樵史通俗演義第十九回 劉の冤を伸べ奸弁伏法し、遺孽を鋤き各逆を典刑す (伸劉冤奸弁伏法 鋤遺孽各逆典刑)
張休乾の断罪
- 工科給事中の郭興邦が、揚州知府劉鐸を陥れた張休乾・谷応選の罪を糾弾する上奏を行った。
- 陳御史・俞寺副・范郎中・申員外らによる審理が行われ、張休乾が劉鐸に符呪の罪を捏造して陥れた経緯、谷応選がその指図に従って動いた経緯が明らかになった。
- 審理の結果、張休乾は死刑(斬決不待時)、谷応選は絞刑(秋後処決)と裁定され、刑部尚書らの連名の上奏を経て崇禎帝の裁可が下った。張休乾は処刑され、谷応選は獄中で死んだ。

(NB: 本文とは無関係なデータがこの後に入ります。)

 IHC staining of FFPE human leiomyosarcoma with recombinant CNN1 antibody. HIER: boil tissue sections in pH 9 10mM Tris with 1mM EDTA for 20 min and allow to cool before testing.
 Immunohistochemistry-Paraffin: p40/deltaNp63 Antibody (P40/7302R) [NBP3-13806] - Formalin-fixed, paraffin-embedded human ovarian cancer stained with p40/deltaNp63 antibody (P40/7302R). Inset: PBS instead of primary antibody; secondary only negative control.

- あわせて崇禎帝は、過酷な刑具の使用を禁じ、旧来の刑具を焼却するよう命じた。
魏良卿・侯国興・崔鐸の断罪
- 朝臣たちは、魏忠賢・崔呈秀・客氏の残った子や甥に対しても厳罰を求める上奏を相次いで行った。
- 曹御史らによる審理で、魏良卿・侯国興は宮中での不正、忠臣の弾圧・獄死への関与を追及されたが、当初は「伯父の仕業で自分は知らない」と弁明した。

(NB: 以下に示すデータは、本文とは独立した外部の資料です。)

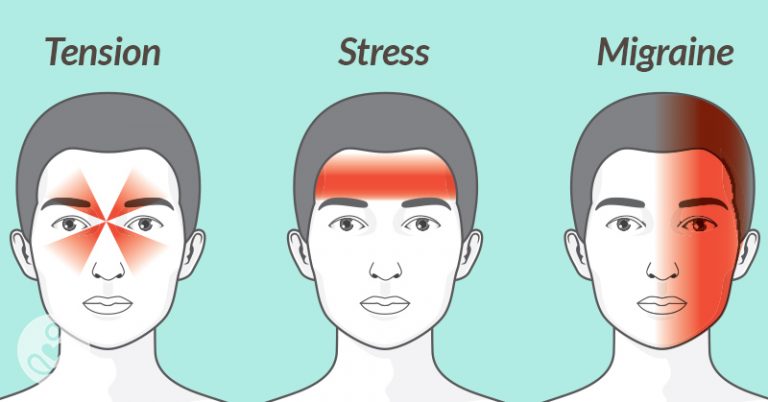 How to Help Relieve Any Headache in 10 Minutes Without Pills - Featured image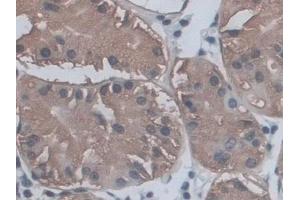 Detection of CD209 in Human Stomach Tissue using Polyclonal Antibody to Cluster Of Differentiation 209 (CD209)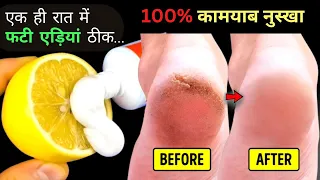 कितनी भी फटी ऐढ़ियाँ हों 1 ही रात में फटी एड़ियों से छुटकारा | Cracked Heels Home Remedy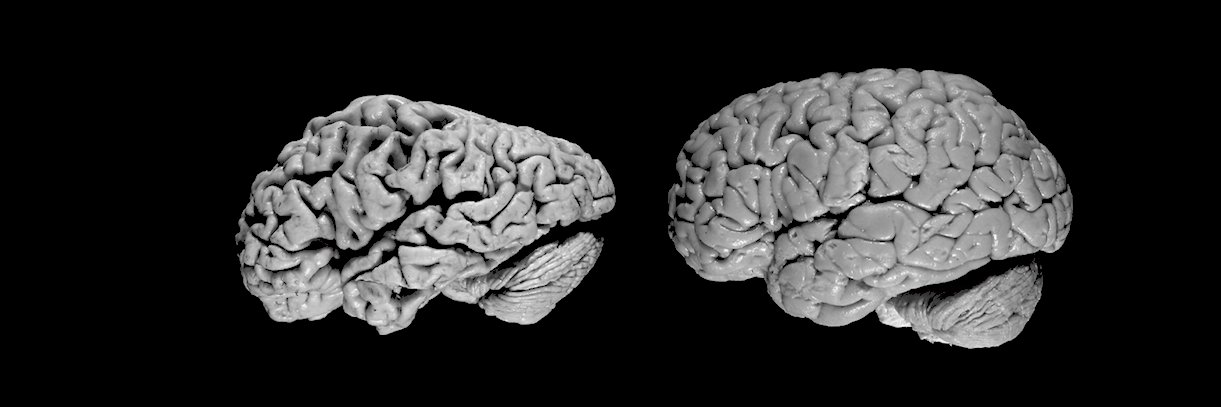 Center for Precision Neuroimaging banner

- 崔鐸も父崔呈秀の罪状(忠臣殺害、弟の総兵昇進、生祠建立など)を突きつけられたが、同様に父の罪を自分とは無関係と主張した。
- 拷問を示唆されると三人とも観念して罪を認め、供述に署名した。
- 続いて盗まれた宝物の件について、客璠・客光先・楊六奇・戚畹・范守仁らも合わせて審理され、押収品の記録が動かぬ証拠となって全員が罪を認めた。
- 刑部・都察院・大理寺の連名の上奏を経て、崇禎帝は魏良卿・侯国興を斬刑、客光先・客璠・楊六奇を辺境への永久従軍と裁定した。十二月二十日、魏良卿(三十歳)・侯国興(十八歳)は西角頭で処刑された(詩:栄華を極めた者が空しく死んだことを詠む)。
魏忠賢・崔呈秀・客氏への最終裁定
- 年末が迫る中、三法司は魏忠賢・崔呈秀・客氏の罪状をまとめた上奏を行った。魏忠賢の宮中における専横・忠臣殺害・私兵蓄積、客氏の後宮での陰謀、崔呈秀の不忠・不孝・不正蓄財などが列挙された。

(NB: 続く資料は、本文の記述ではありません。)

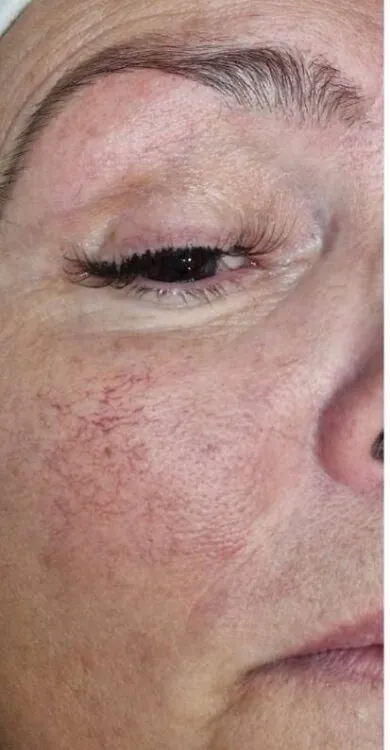 April 2026 Perry's Beauty IPL Vascular Facial for Thread Veins Before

- 崇禎帝はこれを容れ、魏忠賢の遺体を河間府で戮屍凌遅、崔呈秀の遺体を薊州で斬首、客氏の遺体も見つかり次第斬首するよう命じた。また爰書(判決文)を各地に公布し、奸悪の戒めとするよう命じた。
- 幼い魏良棟・魏鵬翼・崔鏜・崔鑰らは幼少無知として赦免された。魏志德は充軍とされた。
- 各地の撫按の手で、魏忠賢の戮屍凌遅と崔呈秀の斬首が執行された。客氏の遺体は結局見つからなかった(詩:善悪の報いは必ずあり、巨悪もついに屍を辱められたことを詠む)。